Sea la tumba del hijo del Zebedeo una pura invención de la mitología cristiana o una tradición de origen más que dudoso, el caso es que desde hace muchos siglos ese hito atrae hasta los confines del Finisterre ibérico a gentes de toda clase y condición, que, solos o en compañía de otros, se echan a los caminos por las diversas razones, o simplemente buscándose a sí mismos, a través de una experiencia única, que marca un hito en sus vidas. La mayoría peregrinan más de una vez y en cada ocasión lo viven de un modo diferente y asumen que quienes cambian son ellos, no la senda que les trae al corazón de Galicia.

Viendo el aluvión humano que estos días ha generado un auténtico overbooking en los distintos caminos que conducen a Compostela, uno llega a la conclusión de que si Santiago no existiera habría que inventarlo. Porque se necesita. A decir de los filósofos, vivimos un tiempo convulso, que formula al hombre de hoy interrogantes para los que su rutina cotidiana no encuentra respuestas. Y por eso las busca en las certezas que otros fabricaron antes sobre cosas increíbles, o en fabulaciones que siente más suyas cuanto más desafían a la razón.

Sobre el fenómeno jacobeo, y aprovechando la conmemoración del Año Santo, que se repite regularmente, allá por los años 90 Fraga y Portomeñe inventaron el Xacobeo. Lo concibieron como un medio para revitalizar el Camino de Santiago (algo de lo que Don Manuel ya se había ocupado cuando fue ministro), pero sobre todo y principalmente como reclamo para atraer a Galicia a millones de personas cada vez que, como hoy, el 25 de julio coincida en domingo.

El Xacobeo como producto turístico, como acontecimiento lúdico y cultural, acabó por imponerse sobre la tradición milenaria de la ruta jacobea y del culto al Apóstol, sobre el aspecto religioso y humanístico. Tan es así, que a día de hoy los gobernantes gallegos, incluso los más descreídos, se encomiendan al poder de convocatoria de la tumba de Santiago y le atribuyen poderes taumatúrgicos capaces de operar el milagro de que, en medio de una crisis tan severa como la que padecemos, la economía de Galicia crezca, aunque sea sólo unas décimas, mientras el resto de España sigue sumido en la recesión.
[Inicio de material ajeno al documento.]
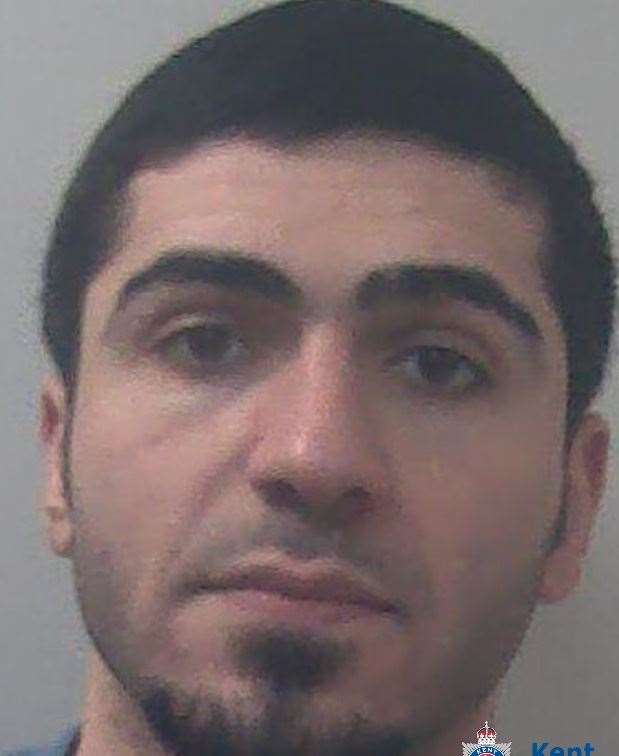 Sasan Rabat was found guilty by a jury unanimously. Photo: Kent Police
A estas alturas, Galicia -que para algunos también es una invención- no se entiende sin el mito de Santiago, pero tampoco sin el rito pagano del Xacobeo. Será por eso que este país celebra su día grande, la jornada de afirmación de su realidad diferencial, coincidiendo con la festividad del Apóstol (su patrón espiritual, porque el laico es Castelao) y con el momento culminante de la fiesta jolgorio en que sustancia la programación xacobea.

Tanto dentro como fuera de España, a Galicia se la identifica con Santiago y con la convocatoria jacobea de cada cuatro, seis o once años. Son sus distintivos, sus emblemas, sus elementos identitarios, los atributos de una marca que gana enteros cada Año Santo. Y sin necesidad siquiera de que el Xacobeo como tal sea un éxito.